### THE PROBLEM
The pictures must be left out, while the rest of the data is copied exactly.

### RECORDS PROVIDED
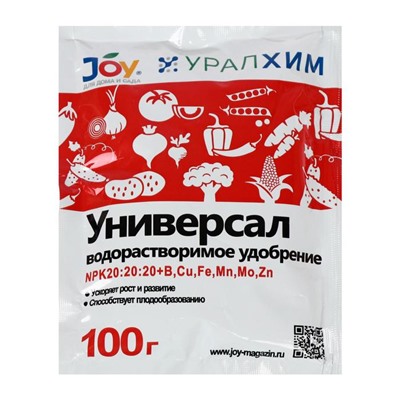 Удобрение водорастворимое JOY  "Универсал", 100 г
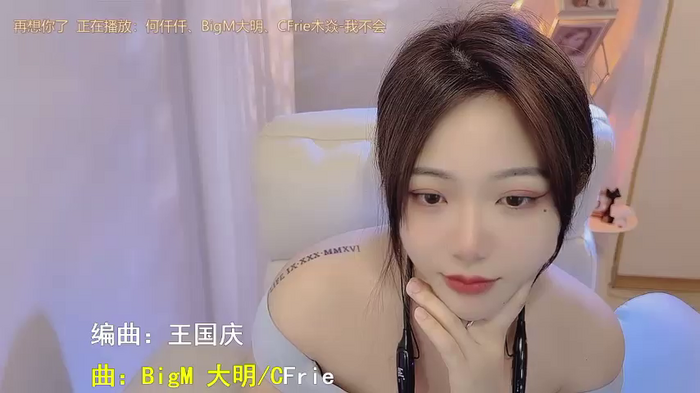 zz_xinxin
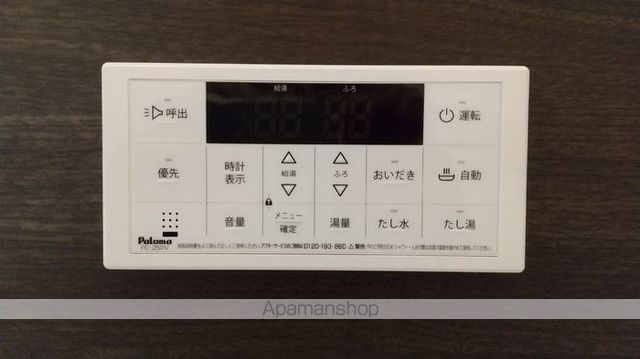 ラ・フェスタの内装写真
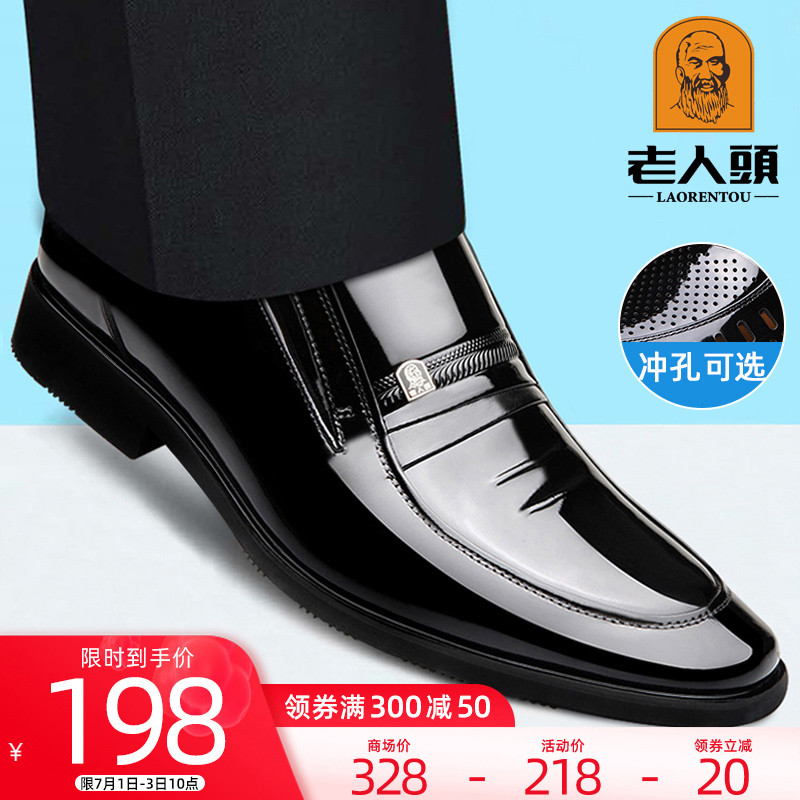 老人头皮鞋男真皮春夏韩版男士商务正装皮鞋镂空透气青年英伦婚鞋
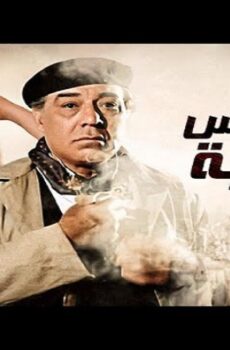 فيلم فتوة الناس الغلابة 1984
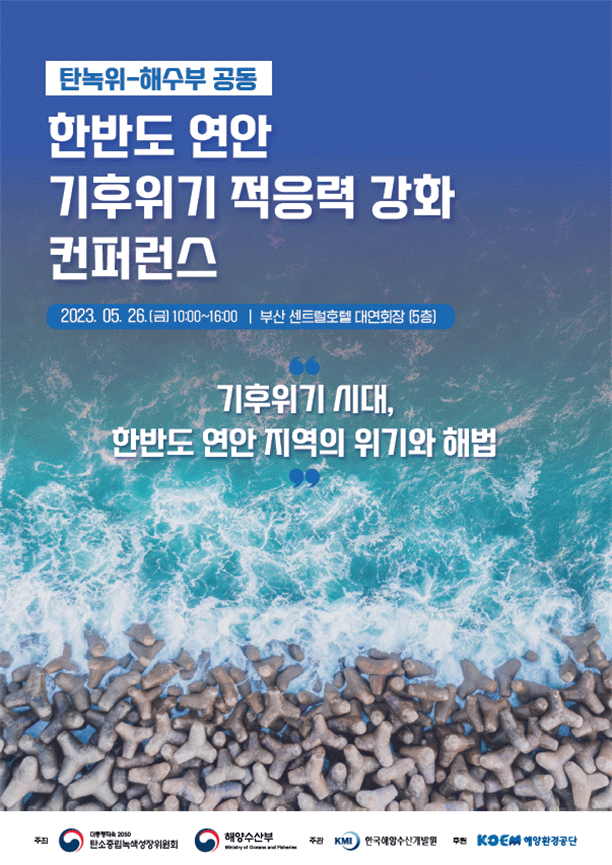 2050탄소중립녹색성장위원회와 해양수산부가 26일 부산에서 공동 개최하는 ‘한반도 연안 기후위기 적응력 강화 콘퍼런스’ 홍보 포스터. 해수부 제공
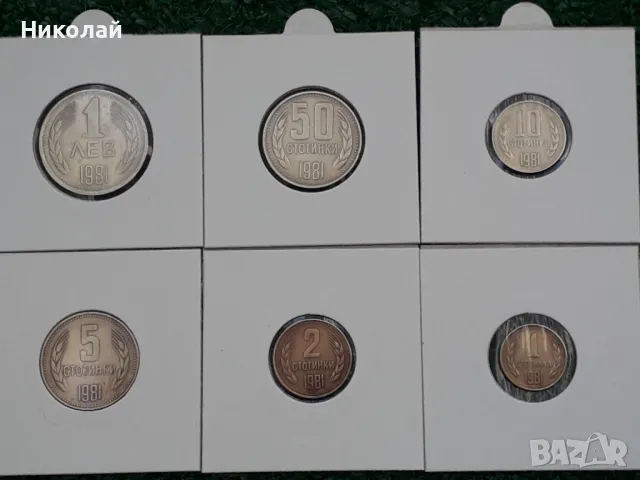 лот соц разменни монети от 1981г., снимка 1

### REPLY TO THE EXERCISE
 Удобрение водорастворимое JOY  "Универсал", 100 г
 zz_xinxin
 ラ・フェスタの内装写真
 老人头皮鞋男真皮春夏韩版男士商务正装皮鞋镂空透气青年英伦婚鞋
 فيلم فتوة الناس الغلابة 1984
 2050탄소중립녹색성장위원회와 해양수산부가 26일 부산에서 공동 개최하는 ‘한반도 연안 기후위기 적응력 강화 콘퍼런스’ 홍보 포스터. 해수부 제공
 лот соц разменни монети от 1981г., снимка 1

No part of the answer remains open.